Endoscopia Gastrointestinal, Instituto Nacional de Cancerología, Mexico.
Rev Esp Enferm Dig. 2025 Apr;117(4):198-204. doi: 10.17235/reed.2024.10719/2024.
diagnosing perihilar cholangiocarcinoma can be challenging. Previous studies suggest that the sensitivity of taking three cholangioscopy-guided biopsies is approximately 70 %. We hypothesized that obtaining four or more biopsies might improve the sensitivity for diagnosing perihilar cholangiocarcinoma.
to determine the acceptable number of cholangioscopy-guided biopsies to improve sensitivity for diagnosing perihilar cholangiocarcinoma.
this retrospective study analyzed clinical records of adults with perihilar stenosis who underwent cholangioscopy-guided biopsies. Patients with gallbladder cancer or metastatic bile duct obstruction were excluded. Data were grouped based on the number of biopsies taken: group A (one to three biopsies), group B (four to six biopsies), and group C (seven to ten biopsies). Results from each group were compared against a composite standard, including clinical follow-up and/or biopsies performed by alternative methods.
the group that underwent 4-6 biopsies had a sensitivity of 77.4 %, while the group with 7-10 biopsies had a sensitivity of 70.8 %. The group with 1-3 biopsies had a sensitivity of 34.5 %. Statistically significant differences were observed between the groups, with comparisons showing improved sensitivity in the 4-6 biopsy group versus the 1-3 biopsy group (χ² = 14.42, p = 0.0001), and the 7-10 biopsy group versus the 1-3 biopsy group (χ² = 6.56, p = 0.010).

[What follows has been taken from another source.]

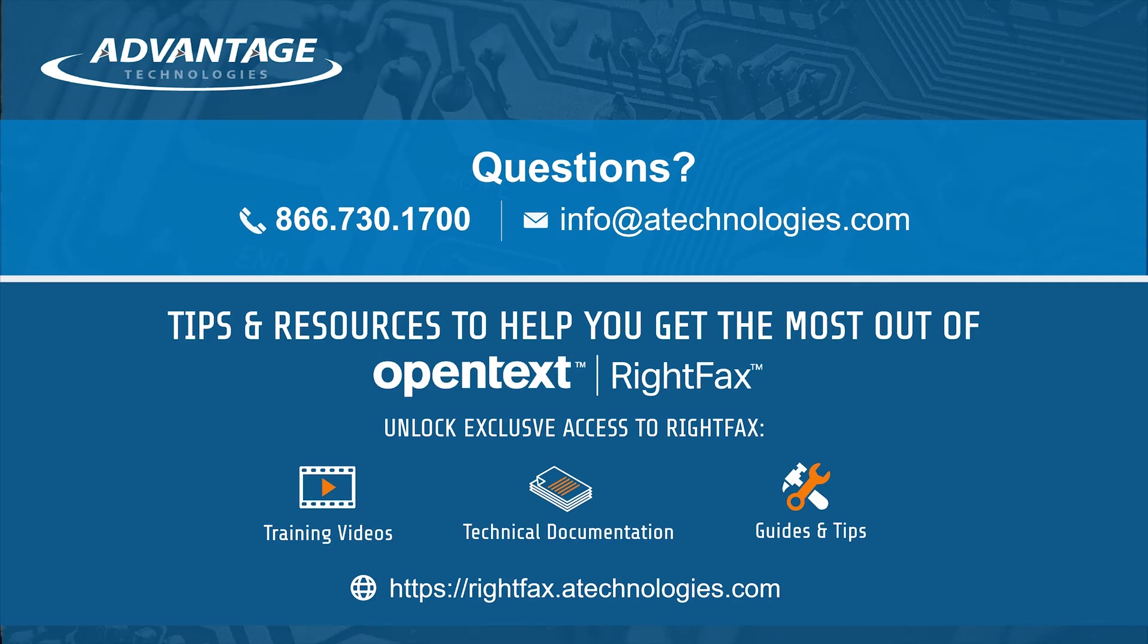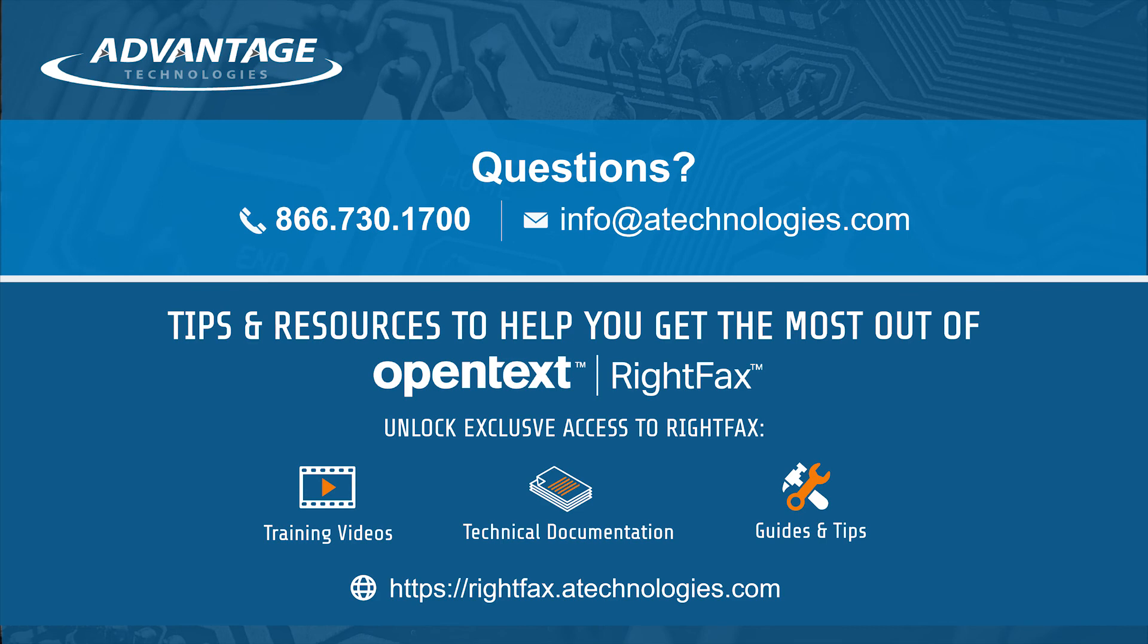If you have any other RightFax questions, please contact us using the information below and we'll be happy to reach out to you. Don't forget to click the Subscribe button to get more RightFax videos. If you want to access all of our RightFax videos, go to rightfax.atechnologies.com to register for exclusive access.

performing four to six cholangioscopy-guided biopsies significantly improves sensitivity for diagnosing perihilar cholangiocarcinoma compared to one to three biopsies. Further studies are needed to validate these findings.
诊断肝门部胆管癌具有挑战性。先前的研究表明,进行三次经胆管镜引导活检的敏感性约为70%。我们推测获取四次或更多活检可能会提高肝门部胆管癌诊断的敏感性。
确定经胆管镜引导活检的可接受次数,以提高肝门部胆管癌诊断的敏感性。
这项回顾性研究分析了接受经胆管镜引导活检的肝门部狭窄成人患者的临床记录。排除患有胆囊癌或转移性胆管梗阻的患者。数据根据活检次数分组:A组(1至3次活检)、B组(4至6次活检)和C组(7至10次活检)。将每组结果与综合标准进行比较,综合标准包括临床随访和/或通过其他方法进行的活检。
进行4至6次活检的组敏感性为77.4%,而进行7至10次活检的组敏感性为70.8%。进行1至3次活检的组敏感性为34.5%。组间观察到统计学上的显著差异,比较显示4至6次活检组相对于1至3次活检组敏感性提高(χ² = 14.42,p = 0.0001),7至10次活检组相对于1至3次活检组敏感性提高(χ² = 6.56,p = 0.010)。
与1至3次活检相比,进行4至6次经胆管镜引导活检可显著提高肝门部胆管癌诊断的敏感性。需要进一步研究来验证这些发现。